The law does not operate retrospectively, applying only to instruments executed from 9 May 2022. However, it is not clear what will happen if a trustee of a pre-existing trust subsequently appoints assets to an identifiable beneficiary or distributes assets to any identifiable beneficiary. The Singapore tax authority might regard any documents involved as a stampable instrument, says law firm Withersworldwide.

The ABSD rate paid will vary depending on the profile of the transferee: whether they are individuals or entities, their nationality or Singapore permanent residency status and also the number of Singapore residential properties they already hold.

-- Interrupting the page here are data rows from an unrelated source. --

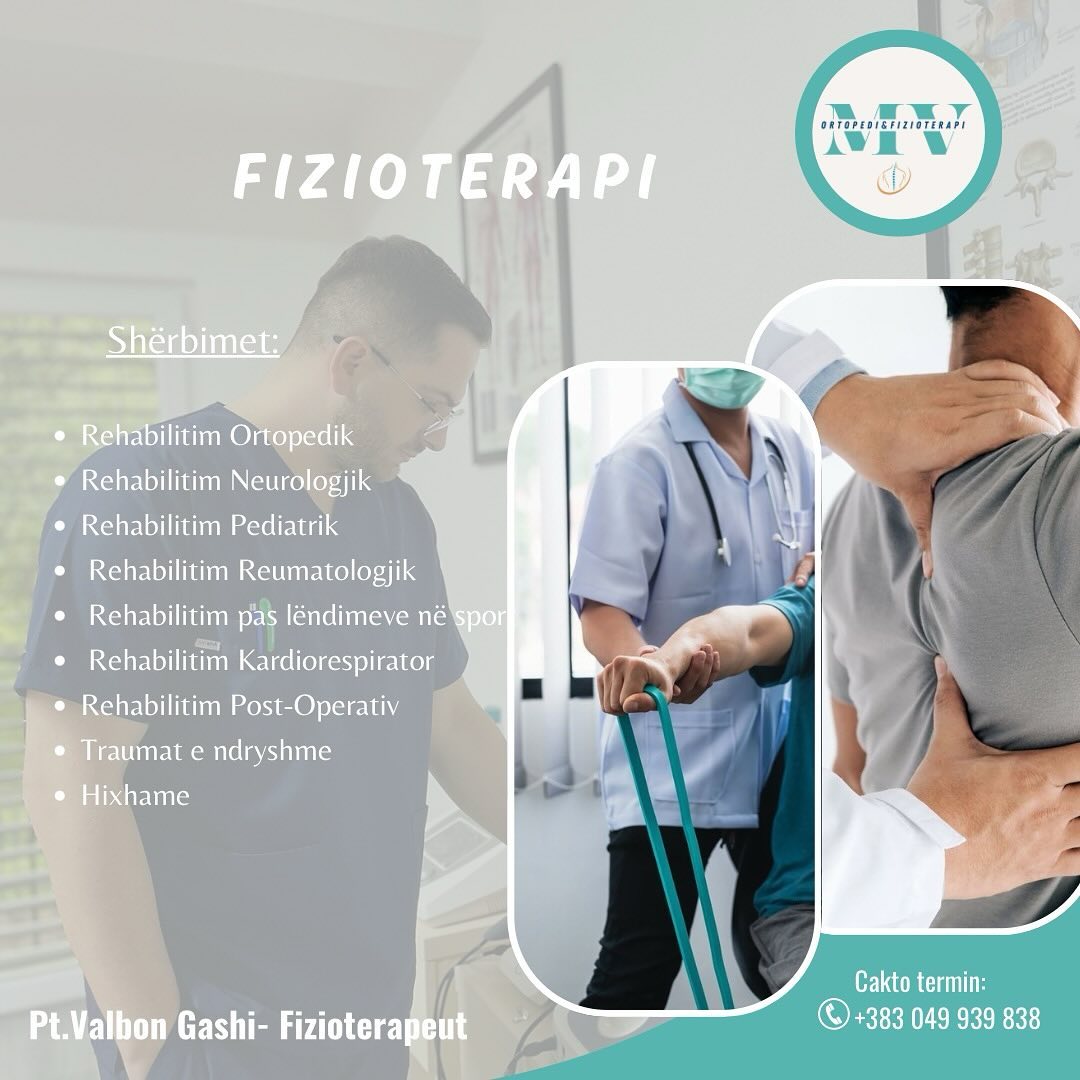 ortopedi_fizioterapi_mv Facebook ad: PT. Valbon Gashi - Fizioterapeut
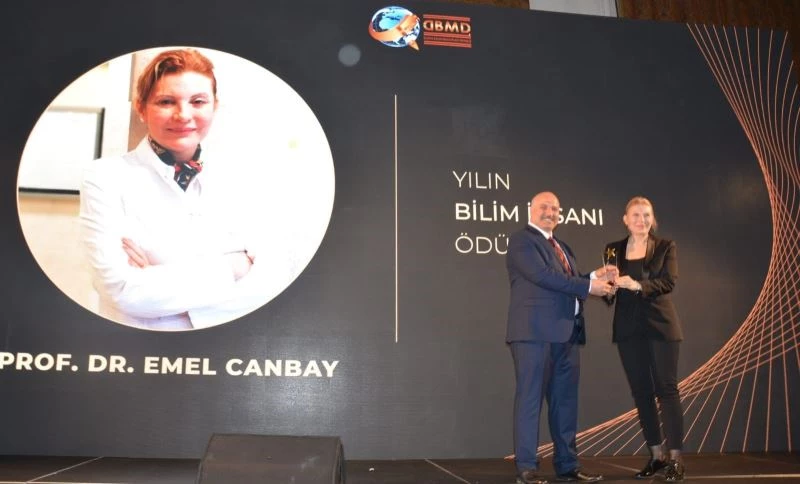 Prof. Dr. Emel Canbay, Bilim Ödülü’ne layık görüldü
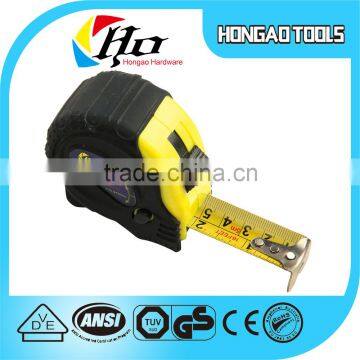 Three Stop Rubber Case Steel Measuring Tape Tailor Durable Printable Tape Measure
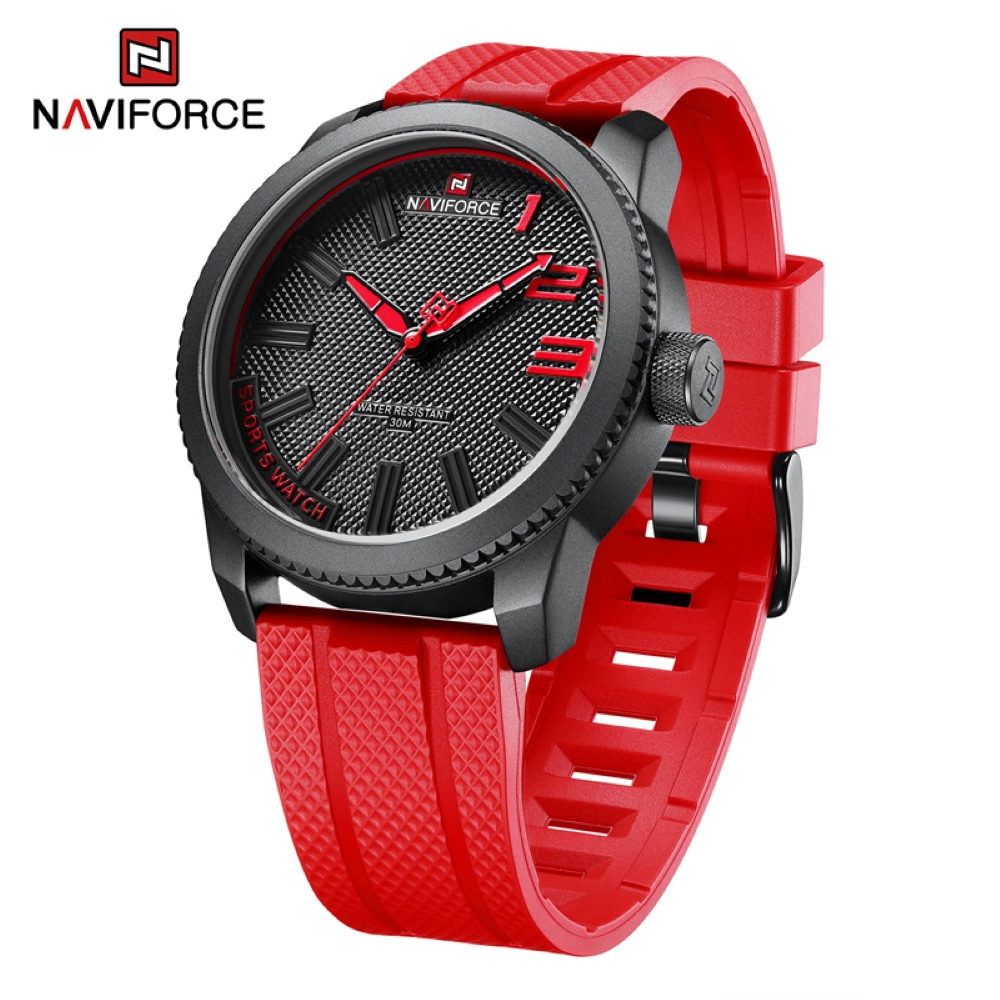 ساعت مچی مردانه نیوی فورس Naviforce مدل NF9202T B/R/R - Image 3
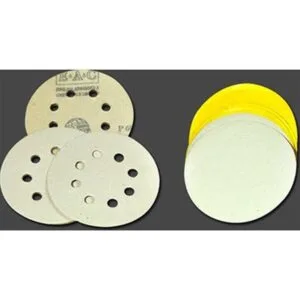 Atlas Zımpara Disk Velcro Düz Mermer 115 mm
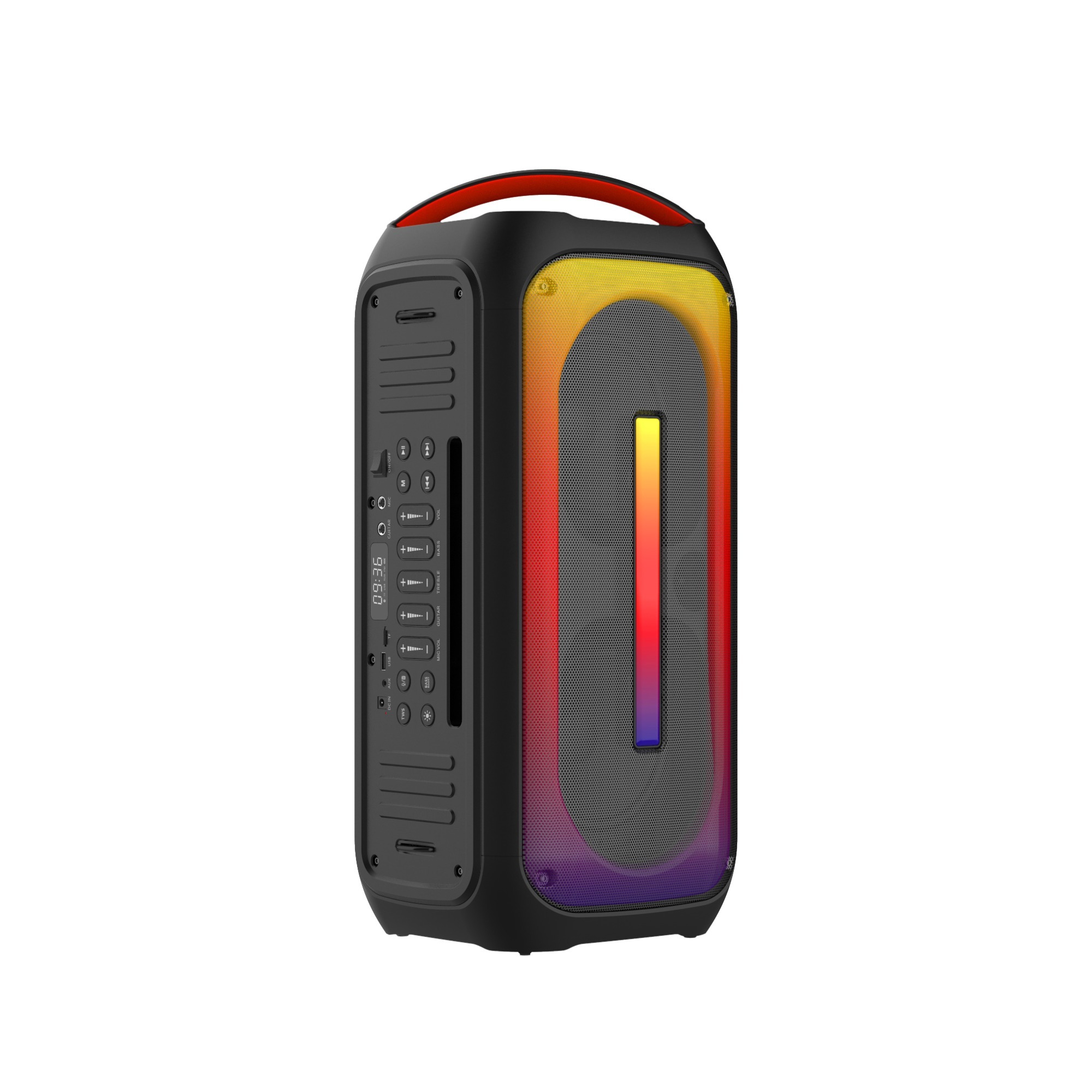Wireless speakers portable wireless outdoor waterproof speaker with LED RGB lights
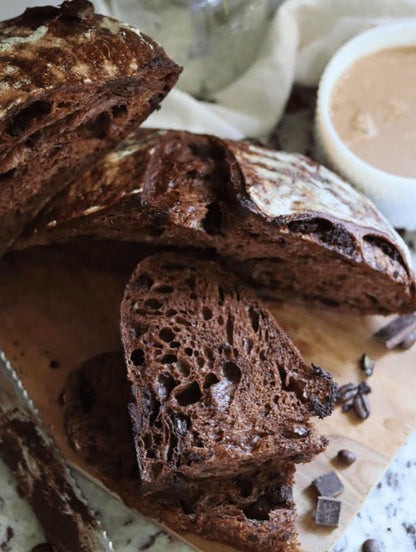Chocolate Espresso Sourdough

It is chargeable over and above the normal buyer's 4 per cent stamp duty on purchases of residential properties.

At the same time, Singapore has also introduced an additional conveyance duty (ACD) for trusts and a new stamp duty treatment for renunciations of interest in the residential property held on trust, with effect from 10 May 2022. The ACD applies where the significant ownership threshold has been crossed but there is no identifiable beneficial owner of such equity interests at the time.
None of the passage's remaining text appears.